Marie: I’ve got a couple of things on that. Laughs. I also said, “I’m not going to miss a Sunday.” That was my posting day. But it got to a point where I just couldn’t do it. I’d get busy and, to compensate, I’d just put stuff out there that I wasn’t proud of. It’d be Friday and I’d be like, “What am I going to put up on Sunday?” So, I’d bulk film on Friday, bulk edit on Saturday into Sunday morning, and then post. And I’d be so burnt out from that.
Ward: That was your whole weekend.
Marie: So Monday and Tuesday I’d be so burnt out that I wouldn’t film anything, and then I’d get busy with work, and then it would be Friday again. So the last eight months have been that schedule. So, I didn’t have time to pre film. I was that much behind. And that stressed me out so much. But back to the laser focus thing; I would never miss a post, because that’s just how I am. And I have a lot of friends who would not upload a lot, and that’d be fine for them.
Ward: But are those friends as successful as you? Probably not.
Marie: If you’re just looking at numbers, then yes. But it’s hard.
Ward: Because then there’s quality of life too.
Marie: Because maybe they have a social life? Laughs. No definitely.
Ward: Have you priorities changed now that you’ve taken a break and had some time to reflect?
Marie: My biggest priority, as I continue to expand my business ventures, is finding a healthy balance! I’ve never achieved a happy balance between my social life, career, remaining active, etc. It’s all or nothing, which was a huge contribution to this burn out. Let’s face it, I’m a workaholic. But I’m going to have to put my computer down and live life. It’s all about finding a perfect balance. That’s the goal!
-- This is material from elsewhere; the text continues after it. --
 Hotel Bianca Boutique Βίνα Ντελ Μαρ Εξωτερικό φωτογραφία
Ward: When are you coming back?
Marie: Soon! Laughs. And I’m not even kidding. And there are a lot of other projects I’ve got coming up.
Ward: Finally, what advice do you have for other YouTubers who are working themselves ragged in order to build a successful YouTube channel?
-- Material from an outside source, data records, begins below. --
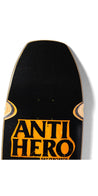 Antihero Skate Shop Day Grosso Hand Plant V1 9.25 Skateboard Deck- Tabla Tabla/Deck Antihero 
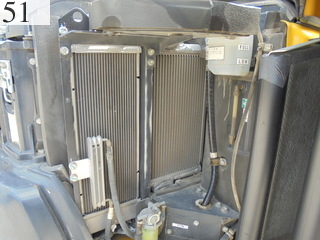 中古建設機械 中古 コマツ KOMATSU 油圧ショベル・バックホー ０．２－０．３立米 PC40MR-3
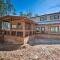 Luxury Cabin Getaway 1 Mi To Broken Bow Lake! - بروكن بو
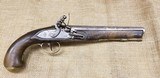 Sharpe Flintlock Trade Pistol - 1 of 15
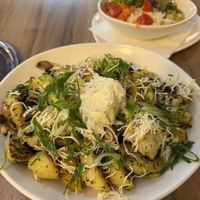   at Velani in Vienna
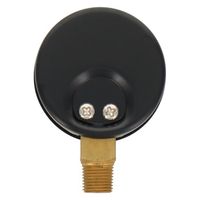 三共コーポレーション H&H #410 流量調整器 エアー圧力計#133410　1個（直送品）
Marie: My biggest piece of advice would be to not rush anything. It’s about quality over quantity. Find what makes you stand out and run with that. Being a successful creator takes time, but more importantly it takes respect from your peers. Don’t change who you are for the sake of views. Do something because you genuinely love it and want to share your voice.
This interview was edited for length and clarity.